Ancoretta:  piccolo mezzo di fissazione utilizzato per reinserire tendini e muscoli all’osso. Ancorette possono essere di varia forma (viti, tasselli ad espansione, ancore) e dotate di un occhiello attraverso cui passano i fili di sutura. Possono essere di metallo o di materiale riassorbibile.

Articolazione:  l’insieme delle estremità di due o più ossa, tenute insieme da legamenti (v.) ma con possibilità di movimento reciproco. Le articolazioni più mobili sono avvolte da un manicotto fibroso (capsula articolare), rivestito all’interno da una membrana (membrana sinoviale v.) e ripieno di liquido (liquido sinoviale v.).

Artroprotesi:  intervento chirurgico di sostituzione protesica di un’articolazione

Artroprotesi:  intervento chirurgico su un’articolazione (v.) danneggiata per recuperarne la funzione. Sulle estremità delle ossa che formano l’articolazione vengono applicati dei rivestimenti artificiali che sostituiscono i tessuti danneggiati e riproducono la forma originaria.

Artroscopia:  tecnica chirurgica che permette di “entrare” in un’articolazione (v.) mediante 2-3 piccole incisioni di 4-5 mm, attraverso cui vengono fatte passare delle sonde miniaturizzate. Una di queste contiene delle fibre ottiche connesse ad una telecamera che consente di vedere l’interno della cavità. Attraverso l’altra apertura sono introdotti dei piccoli strumenti che permettono di sondare le diverse strutture interne, di asportare tessuti malati o di ricostruire parti danneggiate. Per questi motivi, la tecnica artroscopica è definita “mini-invasiva”, cioè che non lede i tessuti circostanti, provoca meno dolore e consente una ripresa più rapida del paziente.
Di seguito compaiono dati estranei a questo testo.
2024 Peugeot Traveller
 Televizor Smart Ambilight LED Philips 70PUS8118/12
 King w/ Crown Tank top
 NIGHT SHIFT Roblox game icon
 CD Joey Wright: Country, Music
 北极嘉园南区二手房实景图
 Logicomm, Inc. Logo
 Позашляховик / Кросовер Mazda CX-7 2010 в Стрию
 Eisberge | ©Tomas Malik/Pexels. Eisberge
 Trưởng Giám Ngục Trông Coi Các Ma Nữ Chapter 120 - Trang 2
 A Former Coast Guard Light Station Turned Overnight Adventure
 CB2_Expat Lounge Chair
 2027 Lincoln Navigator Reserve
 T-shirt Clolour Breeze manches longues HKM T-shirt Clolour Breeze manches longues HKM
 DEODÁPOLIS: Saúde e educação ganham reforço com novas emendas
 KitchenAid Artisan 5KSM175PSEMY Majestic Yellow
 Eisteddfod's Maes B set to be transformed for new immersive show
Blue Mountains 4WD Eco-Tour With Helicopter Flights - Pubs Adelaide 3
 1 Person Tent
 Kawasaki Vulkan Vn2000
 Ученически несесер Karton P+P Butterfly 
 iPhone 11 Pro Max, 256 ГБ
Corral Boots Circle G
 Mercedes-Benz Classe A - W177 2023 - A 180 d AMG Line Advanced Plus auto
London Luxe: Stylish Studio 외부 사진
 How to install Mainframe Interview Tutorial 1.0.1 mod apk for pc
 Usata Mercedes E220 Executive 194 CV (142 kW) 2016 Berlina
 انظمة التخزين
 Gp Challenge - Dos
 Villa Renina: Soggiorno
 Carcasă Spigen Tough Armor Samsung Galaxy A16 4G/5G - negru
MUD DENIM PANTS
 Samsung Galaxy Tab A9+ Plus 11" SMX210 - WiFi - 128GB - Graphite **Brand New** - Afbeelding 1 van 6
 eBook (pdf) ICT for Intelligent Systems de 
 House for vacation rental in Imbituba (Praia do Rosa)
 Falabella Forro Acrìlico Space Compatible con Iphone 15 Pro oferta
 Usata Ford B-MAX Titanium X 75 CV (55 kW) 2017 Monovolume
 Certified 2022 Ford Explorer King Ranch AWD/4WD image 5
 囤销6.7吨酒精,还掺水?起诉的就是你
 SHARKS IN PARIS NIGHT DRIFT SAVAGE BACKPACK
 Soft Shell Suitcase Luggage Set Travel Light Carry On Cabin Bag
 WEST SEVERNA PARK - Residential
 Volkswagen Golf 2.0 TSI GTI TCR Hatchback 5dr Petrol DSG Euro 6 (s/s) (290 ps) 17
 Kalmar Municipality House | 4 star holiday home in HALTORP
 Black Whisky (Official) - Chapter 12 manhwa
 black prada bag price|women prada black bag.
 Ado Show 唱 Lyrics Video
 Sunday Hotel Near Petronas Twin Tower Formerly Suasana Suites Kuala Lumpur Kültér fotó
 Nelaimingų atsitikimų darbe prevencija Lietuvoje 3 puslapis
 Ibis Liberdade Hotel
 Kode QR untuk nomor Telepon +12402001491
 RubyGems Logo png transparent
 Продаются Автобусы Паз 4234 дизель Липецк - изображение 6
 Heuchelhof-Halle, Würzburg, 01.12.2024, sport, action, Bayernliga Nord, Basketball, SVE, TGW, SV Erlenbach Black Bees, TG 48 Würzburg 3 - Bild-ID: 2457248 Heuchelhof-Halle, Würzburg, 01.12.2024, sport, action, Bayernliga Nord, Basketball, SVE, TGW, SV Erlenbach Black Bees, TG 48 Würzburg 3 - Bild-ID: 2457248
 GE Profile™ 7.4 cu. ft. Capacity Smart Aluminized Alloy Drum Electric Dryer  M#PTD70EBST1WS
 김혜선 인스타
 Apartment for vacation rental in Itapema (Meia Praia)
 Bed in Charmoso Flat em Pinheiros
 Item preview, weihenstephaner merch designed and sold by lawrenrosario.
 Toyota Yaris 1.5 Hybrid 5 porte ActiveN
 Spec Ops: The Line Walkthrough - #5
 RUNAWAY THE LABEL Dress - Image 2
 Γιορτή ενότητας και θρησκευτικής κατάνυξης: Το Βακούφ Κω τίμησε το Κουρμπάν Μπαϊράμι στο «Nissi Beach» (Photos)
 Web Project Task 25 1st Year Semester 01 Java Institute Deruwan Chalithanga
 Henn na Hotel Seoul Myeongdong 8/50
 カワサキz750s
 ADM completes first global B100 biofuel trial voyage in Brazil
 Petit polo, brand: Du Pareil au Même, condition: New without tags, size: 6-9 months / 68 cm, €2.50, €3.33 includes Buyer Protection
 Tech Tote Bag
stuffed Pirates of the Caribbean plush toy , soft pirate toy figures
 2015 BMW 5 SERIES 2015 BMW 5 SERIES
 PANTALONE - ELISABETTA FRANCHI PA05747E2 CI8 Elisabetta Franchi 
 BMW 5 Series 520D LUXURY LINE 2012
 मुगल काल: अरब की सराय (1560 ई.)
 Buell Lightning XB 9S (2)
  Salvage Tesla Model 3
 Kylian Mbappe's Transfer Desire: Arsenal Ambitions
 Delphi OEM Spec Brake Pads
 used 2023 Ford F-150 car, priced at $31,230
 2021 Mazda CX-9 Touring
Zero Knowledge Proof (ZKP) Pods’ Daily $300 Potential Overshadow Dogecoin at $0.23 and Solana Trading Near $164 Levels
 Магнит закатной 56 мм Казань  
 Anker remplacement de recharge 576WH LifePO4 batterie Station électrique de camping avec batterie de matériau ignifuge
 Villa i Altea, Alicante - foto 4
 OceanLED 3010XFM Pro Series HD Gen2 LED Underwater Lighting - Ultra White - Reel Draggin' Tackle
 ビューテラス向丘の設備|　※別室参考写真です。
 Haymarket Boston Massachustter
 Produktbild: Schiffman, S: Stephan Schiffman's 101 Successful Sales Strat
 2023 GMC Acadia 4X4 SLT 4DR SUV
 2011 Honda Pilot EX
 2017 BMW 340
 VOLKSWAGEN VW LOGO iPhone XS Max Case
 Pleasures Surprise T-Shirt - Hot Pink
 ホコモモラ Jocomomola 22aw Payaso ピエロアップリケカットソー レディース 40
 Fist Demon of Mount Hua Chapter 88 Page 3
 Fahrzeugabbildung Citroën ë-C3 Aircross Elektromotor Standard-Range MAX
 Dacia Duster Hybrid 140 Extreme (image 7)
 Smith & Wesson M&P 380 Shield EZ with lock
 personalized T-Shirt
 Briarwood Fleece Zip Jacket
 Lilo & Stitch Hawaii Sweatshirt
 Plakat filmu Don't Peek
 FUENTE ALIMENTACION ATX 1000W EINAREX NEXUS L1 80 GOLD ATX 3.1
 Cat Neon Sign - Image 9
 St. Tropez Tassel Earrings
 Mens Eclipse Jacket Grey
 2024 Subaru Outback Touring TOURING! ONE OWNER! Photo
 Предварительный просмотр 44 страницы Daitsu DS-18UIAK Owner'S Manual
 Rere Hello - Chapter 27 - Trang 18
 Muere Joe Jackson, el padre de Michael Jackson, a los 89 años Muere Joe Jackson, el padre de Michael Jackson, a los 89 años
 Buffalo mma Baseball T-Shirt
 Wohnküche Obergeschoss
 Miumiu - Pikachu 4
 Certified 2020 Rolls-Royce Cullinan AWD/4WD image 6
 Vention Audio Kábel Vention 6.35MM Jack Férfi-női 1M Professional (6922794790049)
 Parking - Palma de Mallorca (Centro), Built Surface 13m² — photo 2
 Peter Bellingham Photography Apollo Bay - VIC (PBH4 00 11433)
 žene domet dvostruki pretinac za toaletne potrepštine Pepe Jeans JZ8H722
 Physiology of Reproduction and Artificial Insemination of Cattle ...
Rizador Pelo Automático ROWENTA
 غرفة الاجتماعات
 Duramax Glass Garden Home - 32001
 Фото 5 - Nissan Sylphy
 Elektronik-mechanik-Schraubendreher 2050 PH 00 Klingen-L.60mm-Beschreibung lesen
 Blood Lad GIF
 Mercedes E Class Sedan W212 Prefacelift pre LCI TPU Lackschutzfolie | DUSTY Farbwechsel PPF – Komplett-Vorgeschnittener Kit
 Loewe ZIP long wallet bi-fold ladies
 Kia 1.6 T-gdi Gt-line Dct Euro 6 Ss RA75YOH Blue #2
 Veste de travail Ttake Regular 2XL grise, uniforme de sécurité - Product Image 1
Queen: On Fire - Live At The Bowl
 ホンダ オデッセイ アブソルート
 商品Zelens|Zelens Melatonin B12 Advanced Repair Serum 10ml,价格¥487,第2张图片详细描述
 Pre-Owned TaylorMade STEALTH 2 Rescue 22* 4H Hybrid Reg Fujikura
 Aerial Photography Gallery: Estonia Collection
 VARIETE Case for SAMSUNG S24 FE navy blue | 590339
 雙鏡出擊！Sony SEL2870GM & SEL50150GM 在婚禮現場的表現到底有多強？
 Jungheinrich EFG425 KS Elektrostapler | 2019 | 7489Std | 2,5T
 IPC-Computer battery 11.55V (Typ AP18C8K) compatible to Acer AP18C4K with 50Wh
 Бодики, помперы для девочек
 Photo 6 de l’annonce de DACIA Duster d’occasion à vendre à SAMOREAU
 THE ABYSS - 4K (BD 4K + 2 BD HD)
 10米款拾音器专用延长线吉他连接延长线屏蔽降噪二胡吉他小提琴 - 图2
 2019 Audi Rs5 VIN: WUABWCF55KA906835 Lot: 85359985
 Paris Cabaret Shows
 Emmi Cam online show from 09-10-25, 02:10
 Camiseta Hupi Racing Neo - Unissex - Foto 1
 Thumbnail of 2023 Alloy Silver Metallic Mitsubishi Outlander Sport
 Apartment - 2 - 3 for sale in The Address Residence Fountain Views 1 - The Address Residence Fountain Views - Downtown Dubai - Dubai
Artroscopica:  v. artroscopia

Artrosi:  degenerazione della cartilagine articolare (v.), in genere cronica e progressiva. Le cartilagini che normalmente rivestono le estremità ossee e le tengono separate, si assottigliano fino a scomparire portando le due ossa a contatto diretto. Le articolazioni si deformano per la presenza di osteofiti (v.) e di una quantità eccessiva di liquido sinoviale (v.) conseguente all’infiammazione cronica della membrana sinoviale infiammata (v. sinovite). I sintomi principali sono il dolore locale e la difficoltà a muovere l’articolazione coinvolta.

Borsa sierosa:  piccole sacche piatte, formate da due strati di membrana separati da un film liquido. Situate sulle prominenze ossee all’interno o in vicinanza delle articolazioni, servono a favorire lo scorrimento di tendini e muscoli sull’osso, riducendo l’attrito ed attenuando le sollecitazioni. Possono andare incontro ad infiammazione (“borsite”) ed, in questo caso, la quantità di liquido aumenta notevolmente e la sacca si dilata.

Borsite:  v. borse sierose

Cartilagine articolare:  speciale tessuto duro-elastico, levigato, lucente che riveste i capi ossei di un’articolazione e consente ad essi di scivolare un sull’altro con bassissimo attrito. Non ha vasi sanguigni e, quindi in caso di lesione, l’organismo non è in grado di ripararla.

Chirurgia aperta (o a "cielo aperto"):  eseguita in modo tradizionale, incidendo i vari strati di tessuto fino alla sede da trattare. La tendenza attuale è quella di risparmiare il più possibile i tessuti da attraversare per ridurre il sanguinamento, il dolore, le aderenze post-operatorie e la perdita di forza muscolare (chirurgia mini-invasiva). Le tecniche mini-invasive però, non possono essere applicate a tutti i tipi di operazioni ortopediche.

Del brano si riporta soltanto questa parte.